(Dataset extract):
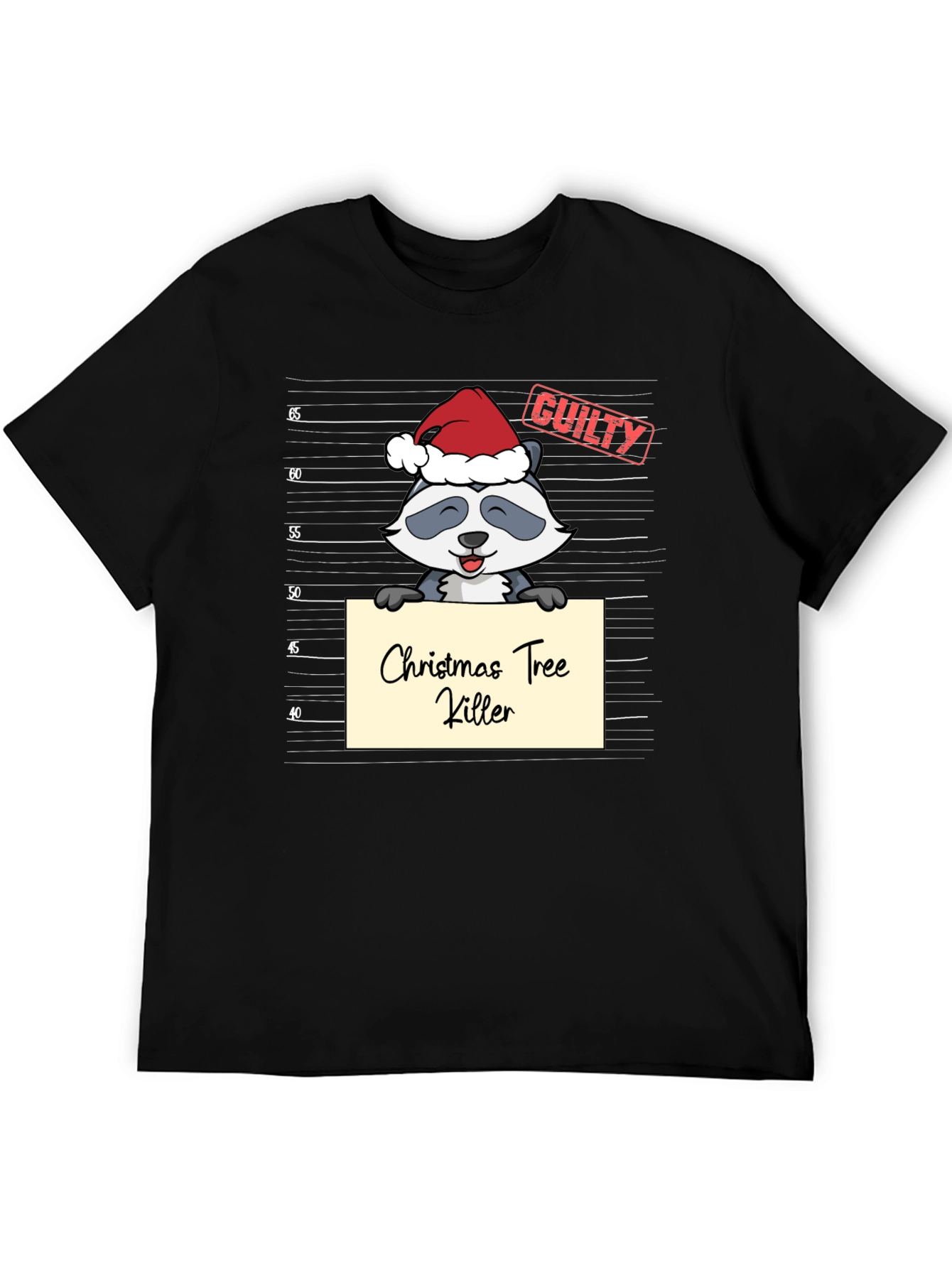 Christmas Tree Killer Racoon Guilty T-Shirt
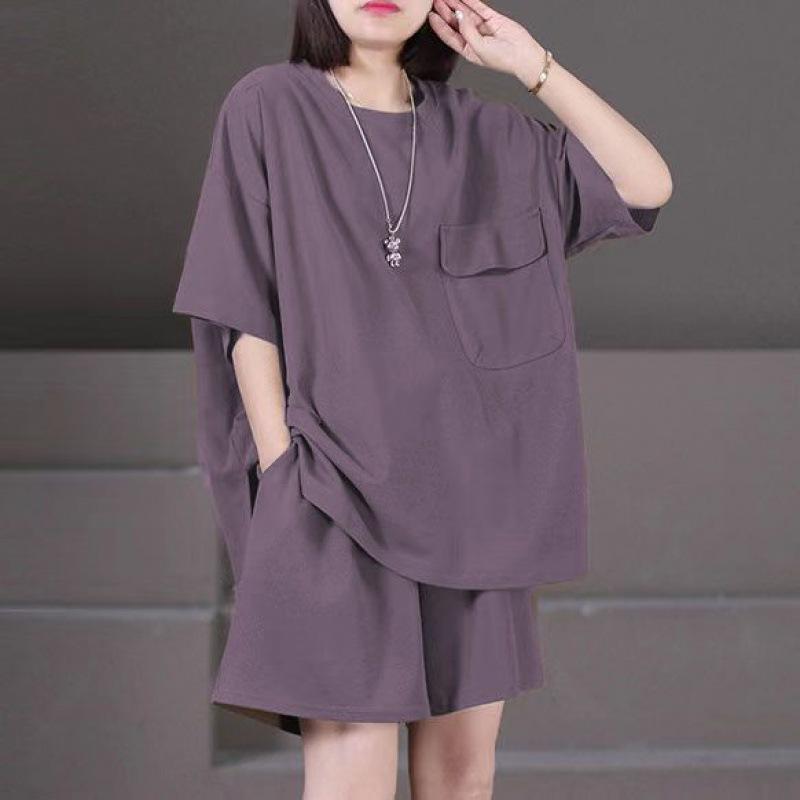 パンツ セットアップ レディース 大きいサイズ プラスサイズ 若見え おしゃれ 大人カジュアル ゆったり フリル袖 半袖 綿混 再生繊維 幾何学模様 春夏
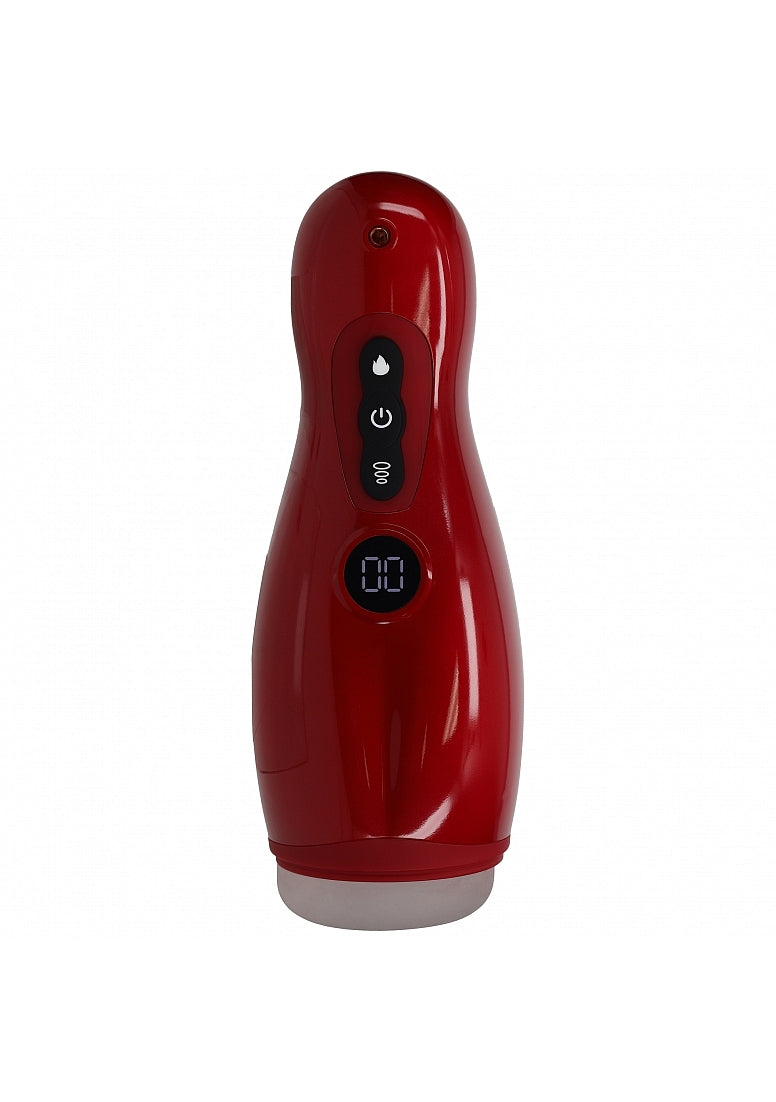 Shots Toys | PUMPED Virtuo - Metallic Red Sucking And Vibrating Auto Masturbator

(Your assignment):
Please repeat each line above exactly as it appears, but omit the pictures.

(Answer to this problem):
 Christmas Tree Killer Racoon Guilty T-Shirt
 パンツ セットアップ レディース 大きいサイズ プラスサイズ 若見え おしゃれ 大人カジュアル ゆったり フリル袖 半袖 綿混 再生繊維 幾何学模様 春夏
 Shots Toys | PUMPED Virtuo - Metallic Red Sucking And Vibrating Auto Masturbator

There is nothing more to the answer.